AI

AMD’s Roane: Power efficiency’s the big AI bugaboo

OpenAI released two open-weight language models in August following a year of advances in AI models from various vendors that have sent developers scurrying to create new applications to take to market or use for business or personal tasks.

One feature of the releases caught the eye of developers in the edge space, namely the GPT-OSS-20b model, which OpenAI said could run on devices with just 16GB of memory, adding it is “ideal for on-device use cases, local inference or rapid iteration without costly infrastructure.”  Generally, 16GB is the amount of RAM ideal for heavy multitasking in desktop computers, laptops, gaming smartphones and mini-PCs.

The other model OpenAI released was for bigger jobs, the GPT-OSS-120b.  It runs efficiently on a single 80GB GPU.  Both models are available under the Apache 2.0 license.

AMD has been aggressive in evaluating open models, and is considered a distant second to Nvidia in selling accelerator chips, mainly with its MI350 Series GPUs.  But distant second in sales is not the same thing as ranking in scientific insight. 

AMD had an early look at both the new models from OpenAI, a month before the release, said Ramine Roane, corporate vice president of AI, in an interview with Fierce. “We’re in constant communication with OpenAI,” he said.  Even so, he said AMD tries to be “as broad as can be” with other players in the space, including Google, Meta and Microsoft.

He did some testing with the new OpenAI products and created a graphical chess program with the 120b model on a cloud server using MI350.  “It would beat me if I made a bad move,” he said with a smile.
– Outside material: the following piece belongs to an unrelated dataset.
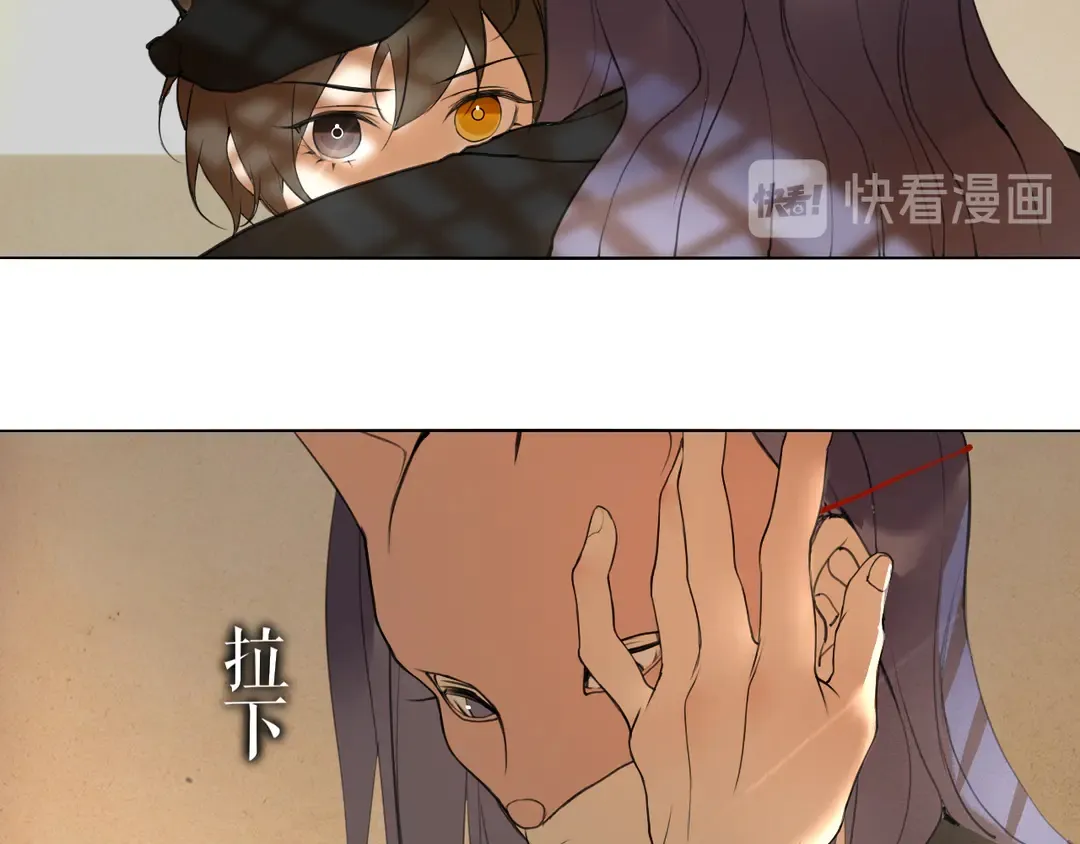 第32话 危机 第37页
Roane is ranked a 1700 chess player, which is generally considered a strong Class B player-- much better than average but not an expert, and ranked in the top 15% of all players.

For edge applications, Roane said he can foresee using the 20b model, potentially, as a local language model in a new car to help the buyer consult the manual to figure out how in-car devices and features work.  “You could talk to it and ask how the heck do I do this,” he said. (Ah, so practical, and not a non-typical problem for new car owners.)  He was less convinced the smaller model would come in handy for adding AI to, say, a smart camera equipped with sensors in a factory, however.
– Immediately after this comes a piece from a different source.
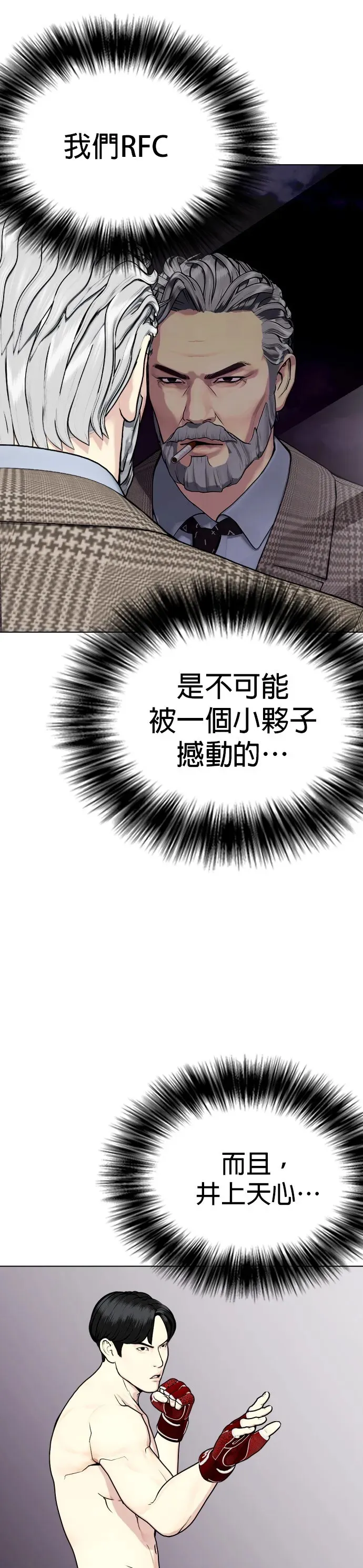 第35话 小小卫冕战 第23页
The quest for power efficiency in future AI

Asked what the next major innovations in AI will be, Roane said large language models need to be made more efficient “to unleash more capabilities and more perceived intelligence with less power consumption. That’s the ultimate goal.”  Power consumption is on the minds of all the big AI players, of course, and Roane has figured out a good way to compare what’s needed in efficiency.

“Today, supercomputers can solve problems more or less like humans, but it is with 1,000 watts and our is brain is just 20 watts. We really need to get down to that level,” Roane said. Although he admitted it may be an unfair comparison, because imagine what could 50 people at 20 watts each accomplish? he mused.

The way to get to greater efficiency will be through a multi-pronged approach of better computer architectures, better algorithms, and chip fabrication and packaging, including the use of chiplets, he added. However, “there’s not an awful lot we can do at the transistor level,” he warned. With the use of chiplets, AMD has taken the inferring model from 32 bit to 16 bit to 8 bit and down to 4 bit. “Every time, we doubled operations.”

Within the heading of improvements to algorithms, attention transformers offer promise, he said. Attention transformers are a kind of neural network architecture that uses what is known as an “attention mechanism” to weigh the value of different parts of input data to ultimately help the model capture context and dependencies.  But the big next advances in AI, Roane said, “are going to be all these improvements, because you cannot beat Moore’s Law. This means software, hardware, architecture and algorithm.”

Materials advances like silicon photonics in making chips, will make a difference and “obviously” quantum computing will advance AI, Roane said while adding the admonition, “quantum computing in my opinion is much longer term, 10 years.”

While AMD has just 6% of the GPU market, Roane also touts advantages over Nvidia GPUs. “We have quite more bit memory and memory bandwidth and we do 3D IC’s with more HBM.  Nvidia doesn’t have that, at least yet. LLM needs memory and memory bandwidth and we have more bandwidth. Also, our software is open source.”